Our own Earth could hold the root that's key to finally detecting dark matter. A new study simulates streams of dark matter rooted in the planet's core that would create filaments, or "hair," of dark matter around the planet. Finding the dark matter "root" -- with its dense concentration of the mysterious substance -- could lead to new insights about this material that has eluded researchers.

The amount of dark matter in the universe is believed to dwarf the normal matter in the cosmos. Dark matter makes up around 27 percent of the universe while normal matter makes up just 5 percent, according to current theories of physics, with dark energy accounting for the rest. Researchers have been able to indirectly observe dark matter from its gravitational effects on normal matter or galaxies. Based on the data, researchers categorize dark matter as something that doesn't move around or interact with light, making it invisible.
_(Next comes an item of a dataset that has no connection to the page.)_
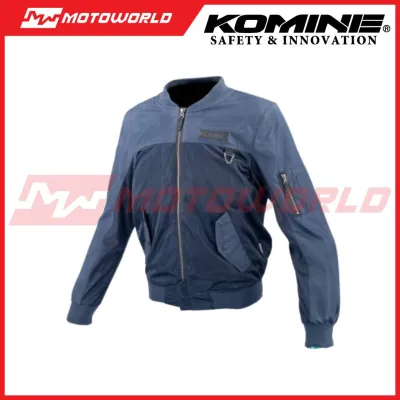 KOMINE JK-174 ENIGMA LIGHT AIRFORCE MOTORCYCLE RIDING MESH JACKET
"Dark matter has eluded all attempts at direct detection for over 30 years. The roots of dark matter hairs would be an attractive place to look, given how dense they are thought to be," Charles Lawrence, chief scientist for the Jet Propulsion Laboratory’s astronomy, physics and technology directorate, said in a statement.

Based on simulations, researchers determined that dark matter orbits around galaxies like the Milky Way in particle streams, according to NASA. If the stream meets a planet, the dark matter forms a dense filament extending outward like hair. As in human hair follicles, the root is much denser than the tip. If they can find a way to identify the root, researchers hope to gain new insights into the mysterious substance.

In addition to gaining new insights on dark matter, researchers could use "kinks" caused by the different layers of the planet to map the layers of other planets, according to NASA. The research will be published in Astrophysical Journal this week.

Earth, of course, would not be the only cosmic object to have "hair." But some may not. Astronomer John Wheeler, explaining the lack of distinctive features of a black hole based on observations from outside the event horizon, the "point of no return," said black holes have no hair. A recent study, however, argues that black holes may have more traits than just mass, rotation and charge, thus being hairy after all.